Jess Walter’s new novel, So Far Gone tackles a different kind of loneliness. After he punches his conspiracy theory-spouting son-in-law at Thanksgiving, Rhys Kinnick goes off the grid to a dilapidated family cabin the middle of nowhere in the Northwest.
Seven years later a woman shows up on his doorstep with his two young grandchildren and a note from his daughter asking him to care for them until she returns. He tries to bond with the grandchildren over his love of literature, and when his son-in-law shows up with members of an armed militia to take the children, he is forced into action.
Rhys rounds up his only friends to rescue his grandchildren and then find his missing daughter. It’s a road trip family story and has a lot to say about where we are as a country. I liked that the characters are not black-and-white (except for one really bad guy), but shades of gray. It’s got humor and heart.

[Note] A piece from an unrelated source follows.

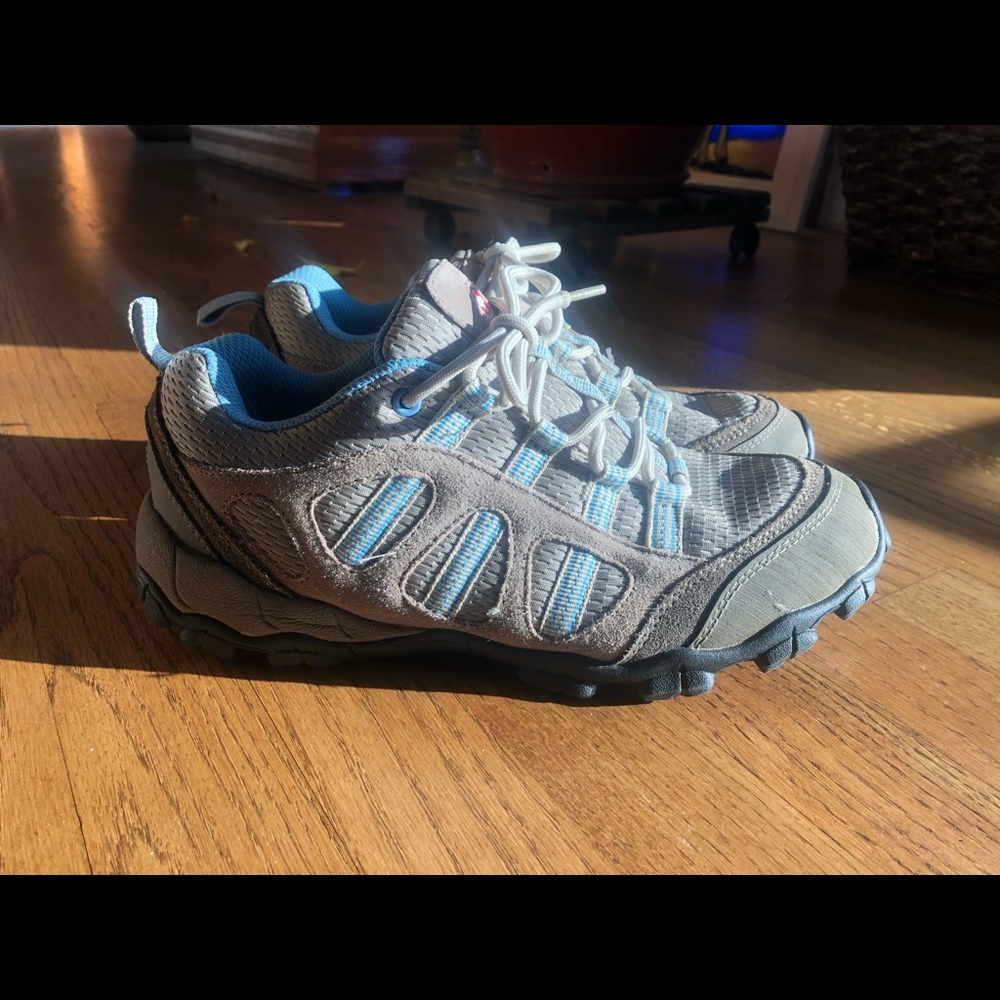 SWISS GEAR Pacifica Hiking Shoes Women’s Size 9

Beck Dorey-Stein’s novel Spectacular Things tells the story of two sisters, Mia and Cricket, who are raised by their single mother. Mom was a high school soccer superstar and headed for big things in college when she became pregnant with Mia.

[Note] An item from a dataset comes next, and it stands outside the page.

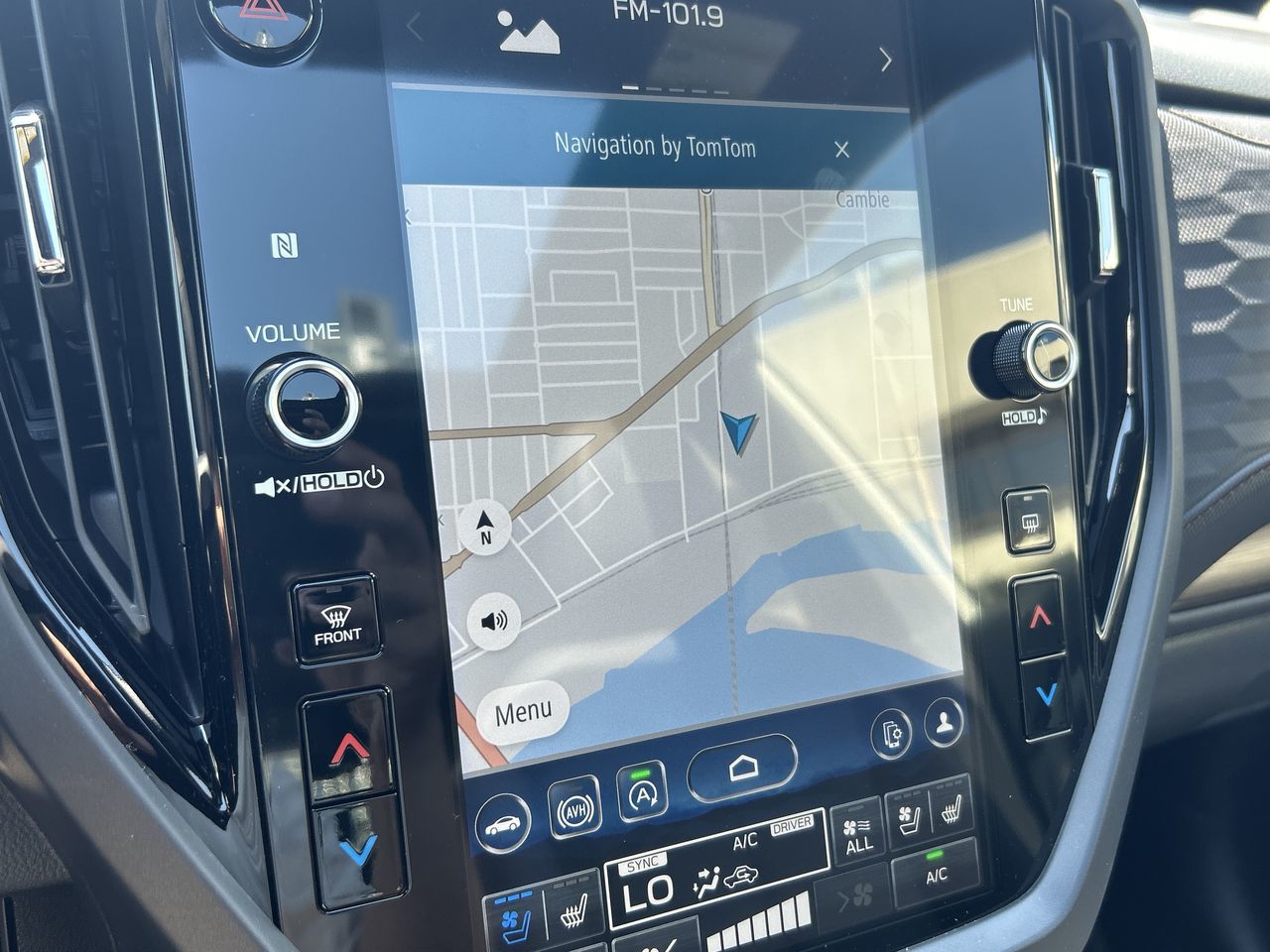 2026 Subaru Forester in Vancouver, British Columbia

She gave her girls their love of soccer, and when Cricket shows amazing talent at the game and a tragedy befalls the family, it’s Mia who sacrifices everything to give Cricket a shot at making her Olympic dream come true.
Just as Cricket is on the verge of soccer stardom, it’s Mia who needs her little sister to help her. Cricket has to decide what is more important to her- her sister or her dream. It’s a wonderful story that would make a great book club pick as there is so much to discuss here.
The last book I really liked is an unusual one. Maria Reva’s Endling is about a Ukrainian scientist trying to keep a species of snail from going extinct. To fund this, she secretly works for an organization that matches Ukrainian women with Western men looking for brides.
Two sisters who also work for this organization have an ulterior motive- they plan to kidnap twelve of the men to protest the matchmaking company that they feel exploits these Ukrainian women.
The sisters recruit the scientist so they can use her research van, and when the Russians invade Ukraine, all the plans these women have go out the window, and now it’s just trying to avoid the war and keeping the men alive.
While it sounds crazy, the writing and the characters are impressive, and the tension ratchets up as they try to avoid becoming caught up in the war. It’s unique and brilliant and just nominated for the prestigious Booker Prize.
Thursday, August 7, 2025
Friday 5ive- August 8, 2025
Sunday, August 3, 2025
The Cover Girl by Amy Rossi
The Cover Girl by Amy Rossi
Published by MIRA ISBN 9780778368267
Hardcover, $28.99, 336 pages
From the publisher:
Find them early enough, and they will always be her girls.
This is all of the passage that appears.